Duas crianças, um ator veterano e um helicóptero mortal: o pior acidente da história do cinema
Ignorando regras de segurança e os alertas de sua própria produção, John Landis viu três pessoas perderem a vida para fazer seu filme
Já passava das duas da madrugada quando o veterano ator Vic Morrow se preparava para gravar o clímax do filme Twilight Zone: The Movie (no Brasil, No Limite da Realidade). Junto a ele estavam as crianças Myca Dinh Lee, de sete anos, e Renee Shinn-Yi Chen, de seis. Na cena, perseguido por um helicóptero militar, Morrow deveria agarrar uma criança em cada braço e sair correndo através de um rio raso conforme o vilarejo queimava atrás deles, com explosões e efeitos visuais acontecendo em tempo real.
O filme, no mesmo estilo da série de TV que lhe deu origem, era composto de quatro curta-metragens independentes. No segmento estrelado por Morrow, ele interpretava um homem estadunidense preconceituoso que acidentalmente viajava no tempo e se via interrogado pelos nazistas na Segunda Guerra e perseguido pela Ku Klux Klan — uma metáfora do opressor se tornando o oprimido. Na parte final, ele estaria entre os vietnamitas no meio da Guerra do Vietnã, fugindo de uma vila bombardeada pelos EUA.

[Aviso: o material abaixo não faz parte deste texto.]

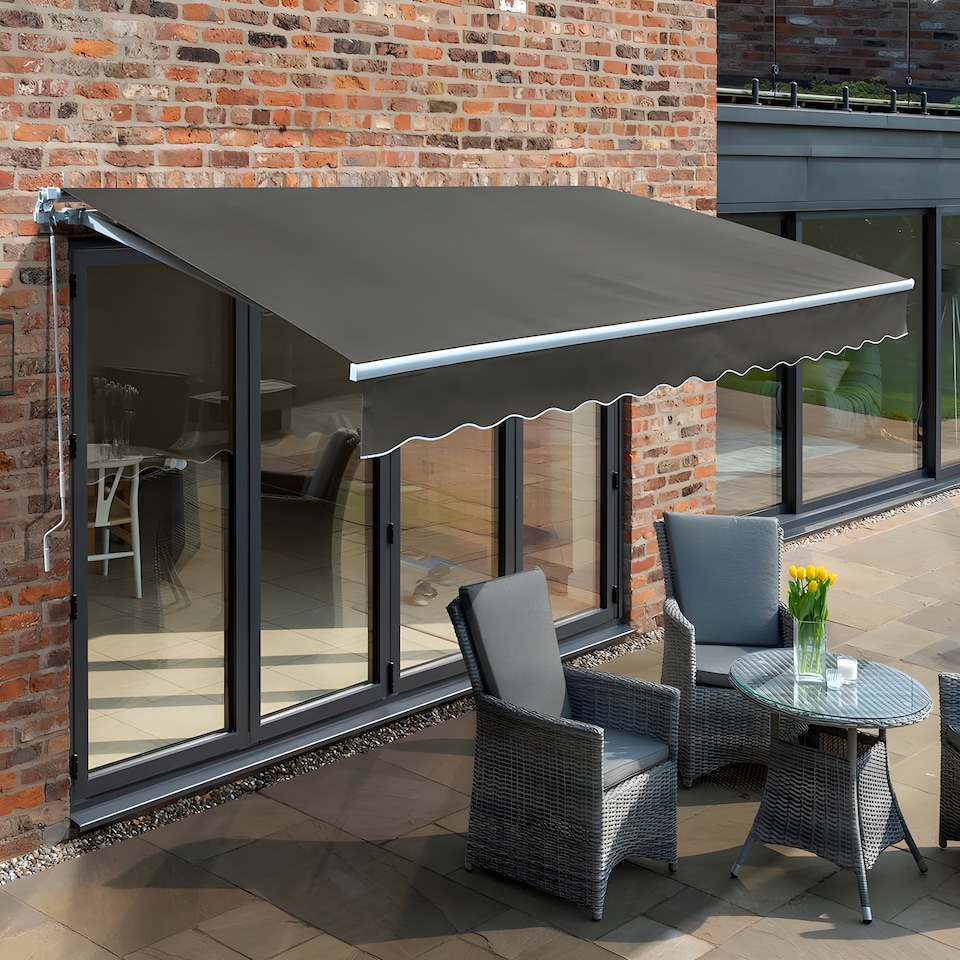 image 1 of 4.0m x 3.0m Retractable Manual Charcoal Awning
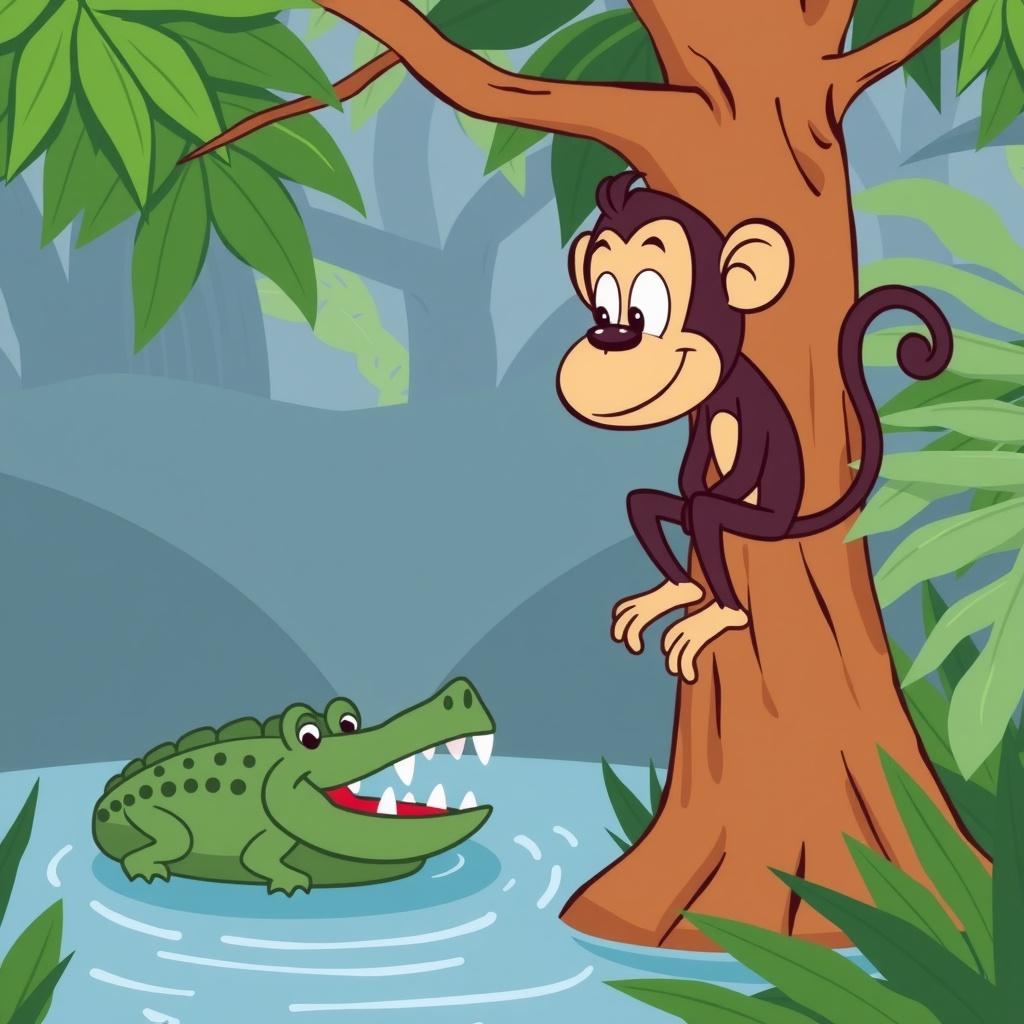 The Clever Monkey and the Cunning Crocodile
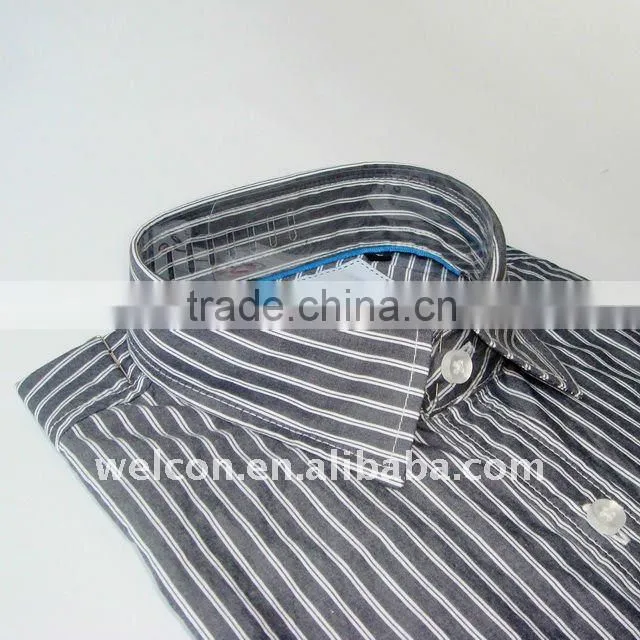 Latest men's long sleeve style stripe classic business dress 100% cotton shirt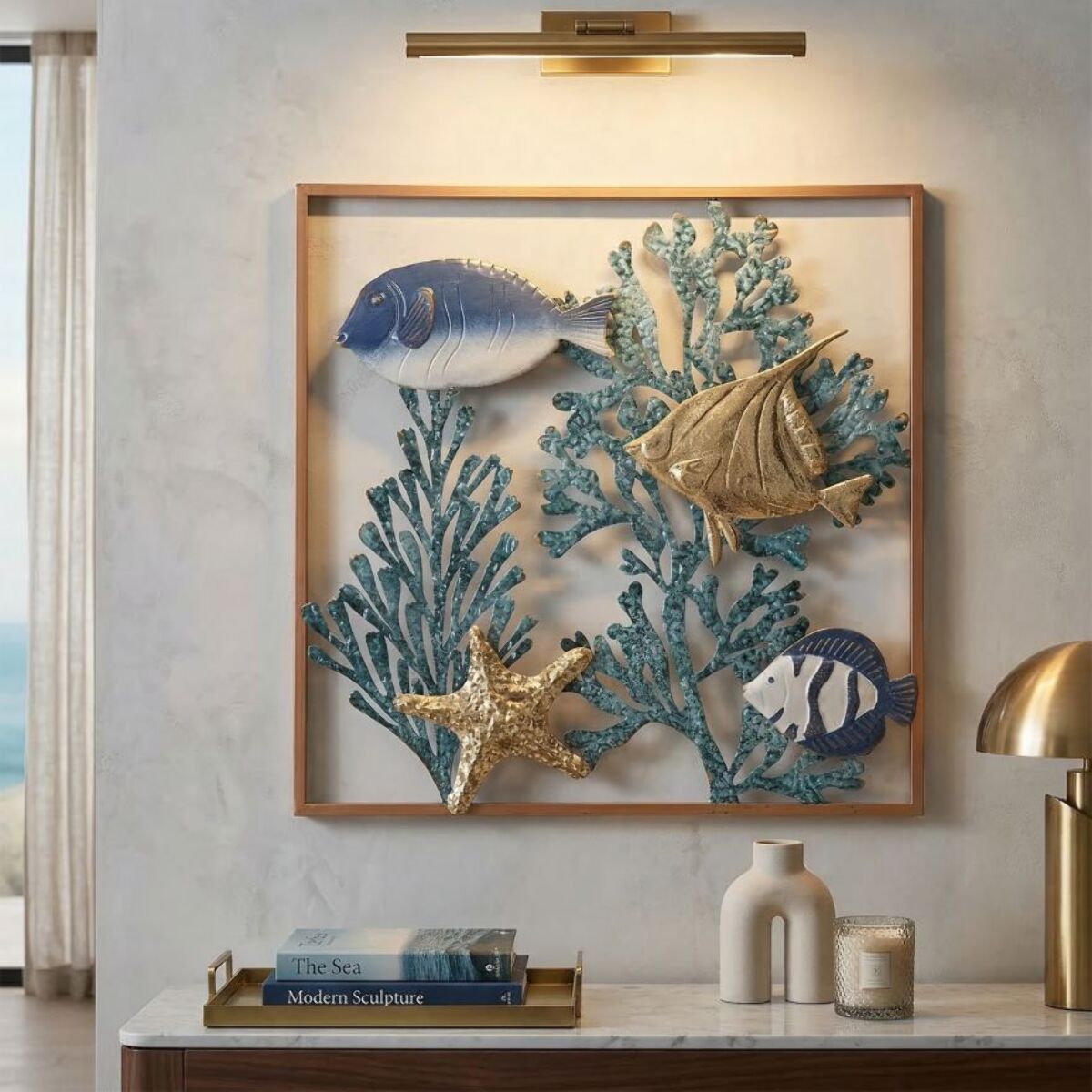 PANNELLO IN FERRO FISH CM 50,2X3,8X50,2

Além de toda a pirotecnia, havia um helicóptero em cena, colocado para voar baixo enquanto a fuga dos personagens ocorria. Mais cedo nesse dia, algumas pessoas da produção, incluindo Dorcey Wingo, o piloto do helicóptero (que tinha experiência real em missões de combate no Vietnã) expressaram preocupação com o uso de pirotecnia em conjunto com um helicóptero voando baixo. Mas os responsáveis não se abalaram.
Inclusive, quando a equipe rodou uma cena anterior, uma explosão preparada na água ocorreu muito próxima de Chen, fazendo-a lacrimejar. Isso levou seu pai a perguntar a um dos produtores, George Folsey Jr., se a sequência do helicóptero colocaria sua filha em perigo. “Não, não é perigoso”, respondeu ele. “Apenas um barulho alto”.
Os alertas também não importunaram John Landis, o diretor desse segmento do filme, famoso por comédias como The Blues Brothers (Os Irmãos Cara de Pau) e Coming to America (Um Príncipe em Nova York). Ele gritou “ação” e Morrow fez como o ensaiado: pegou as duas crianças nos braços e saiu correndo em meio ao caos. Mal sabia ele que esses seriam os últimos momentos de sua vida.
Uma das explosões atingiu a cauda do helicóptero, comprometendo os dois rotores e fazendo o piloto perder o controle. De dentro da aeronave, Wingo não podia fazer nada enquanto seu helicóptero girava desgovernado.
Em pânico, Morrow lançou Renee Chen na água. Ele estava tentando pegá-la de volta quando a aeronave caiu sobre os três atores. Renee foi esmagada por um dos esquis do helicóptero, enquanto Myca e Morrow foram decapitados pelas hélices principais ainda girando. Todos os três atores morreram instantaneamente.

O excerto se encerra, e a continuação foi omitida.